Les élèves, dans leur diversité, apparaissent sous la dénomination : « différents publics de cultures diverses ». Alors que le propos était quasi uniquement centré sur l’enseignant, il se reconfigure en s’attachant au point de vue des élèves. De la même manière, on observe un déplacement de l’idée que les langues sont l’unique objet d’apprentissage, ou le principal objet (y compris en termes de niveaux, de formes et de compétences), vers la notion combinée d’une éducation non pas seulement aux langues mais aussi aux cultures pour « participer au développement d’une compétence interculturelle ». Ces langues- cultures sont désormais considérées non par rapport à un hypothétique niveau à atteindre, mais par rapport à une agentivité (participer à, développer) et au vécu de leurs locuteurs. En témoignent les énoncés représentatifs suivants : « l’enseignant ne sera pas forcément le locuteur parfait », « on devrait faire intervenir les langues et cultures maternelles des élèves ». En outre, certains étudiants font appel à leur expérience internationale en indiquant dans une copie que « en Allemagne, les élèves sont déjà bilingues et n’ont pas d’a priori quant à l’apprentissage d’une nouvelle langue ».

28 Les propositions de réponses concernant le plurilinguisme paraissent quelque peu décevantes dans la mesure où elles ne rendent pas compte explicitement d’autres apports de la formation. Elles ont moins donné lieu à des reprises de cours, au sein de l’UE ou extérieures à l’UE. En revanche, elles renvoient à des propos davantage vécus et individuels.

29 Reste à voir si la notion d’appropriation dévoyée en enseignement et celle de plurilinguisme peu présente s’articulent. C’est l’objet de l’étape suivante qui analyse les énoncés récoltés.

Les interrelations entre les notions

30 Les énoncés sur les interrelations entre les notions sont plus riches (11 items) que sur la notion de plurilinguisme (5 items). Ils mettent l’accent sur un processus dynamique, dans lequel les verbes sont plus ouverts que dans les énoncés portant sur les notions elles-mêmes : « modifier, élaborer, ajuster, multiplier, prendre en compte deux…, ouvrir, s’appuyer sur… ». Le processus mobilise des stratégies à haut niveau cognitif plus favorables aux apprentissages que des stratégies de bas niveau.

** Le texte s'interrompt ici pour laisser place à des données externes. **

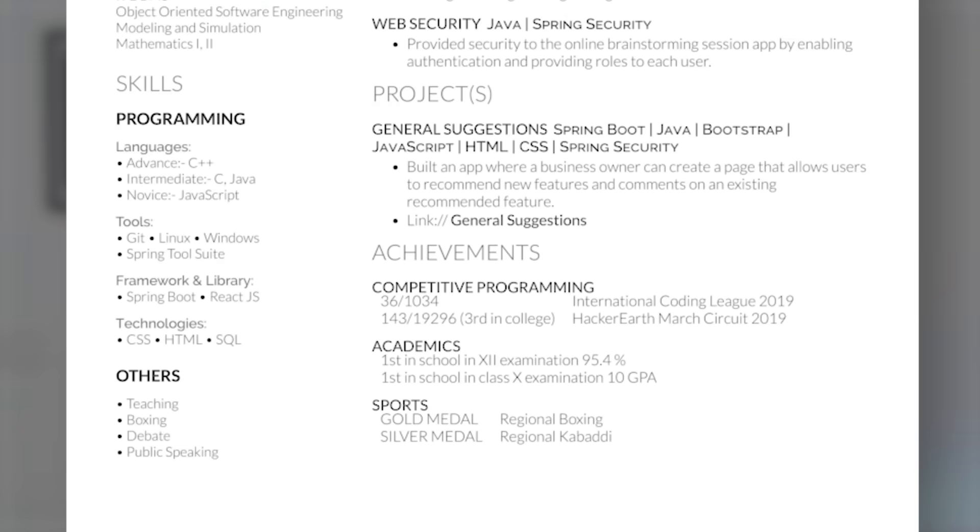Next is the achievement section. Here you can put any award you have received, any ranks in coding competitions, and every academic and non-academic achievement. I have some coding competition achievements, some academic achievements, and some sports achievements. Whatever achievements you have and think you should highlight, just put them in the achievement section.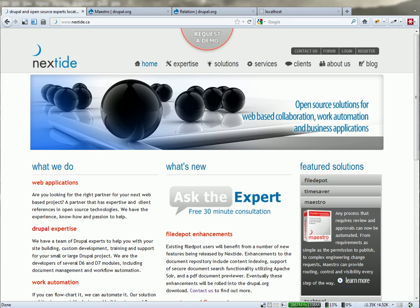Hi, this is Blaine Lang with Next Tide. We're a Drupal consulting shop located in Burlington, Ontario, just outside Toronto. And we'll do anything in Drupal, but we have an area of expertise around business applications.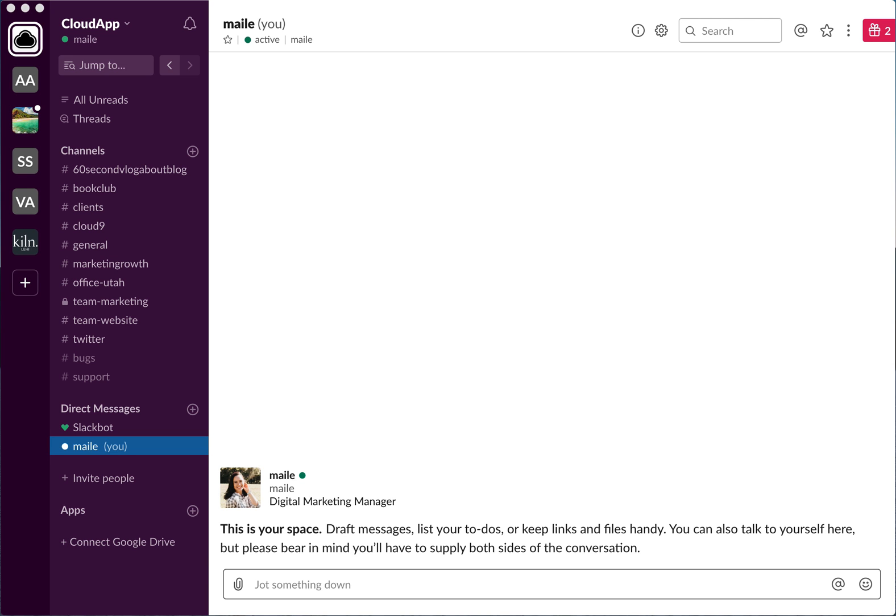Hey everyone, it's Miley with CloudApp. Today I'm going to show you how to add a GIF to Slack. One of the best things you can do with Slack to make it more fun and to joke around with your coworkers.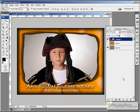This week, I'm going to create this seasonal border using a pumpkin theme.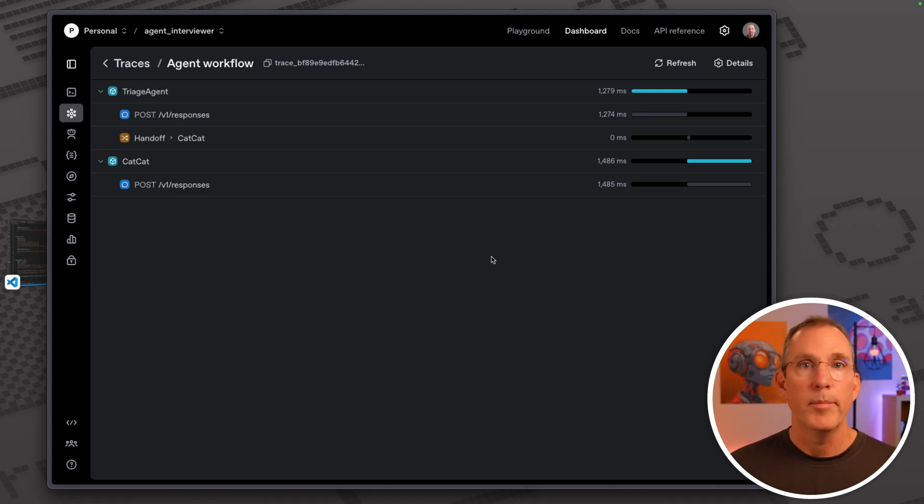So that was fun. That was two different sets of agents, a very simple one with just one agent and another one that showed you how agents can hand off to one another.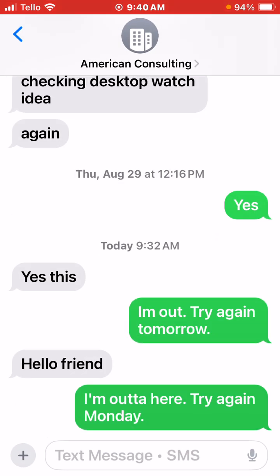It sent. You can see the 'Hello, friend' text came in, and then it sent the automatic reply: 'I'm out of here. Try again Monday.' That's it, that's all you have to do.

31 Les étudiants relient les deux notions en s’appuyant sur la phrase du texte de Martinez la plus citée : « l’enseignant n’a pas forcément à ‘concilier, à réconcilier, des visions qui s’entrechoquent’ ». S’approprier des savoirs correspond pour eux, désormais, à évoluer dans un environnement complexe, ici celui du plurilinguisme, dont on tire parti collectivement, sans nécessairement tomber d’accord sur la définition des notions elles-mêmes.

32 De plus, les énoncés font état des « découvertes des élèves », de « l’ouverture au monde », des « diversités », ou encore du « vivre ensemble ». Le processus de mise en relation des deux notions s’avère ainsi plus riche et davantage positif que leur seule mobilisation.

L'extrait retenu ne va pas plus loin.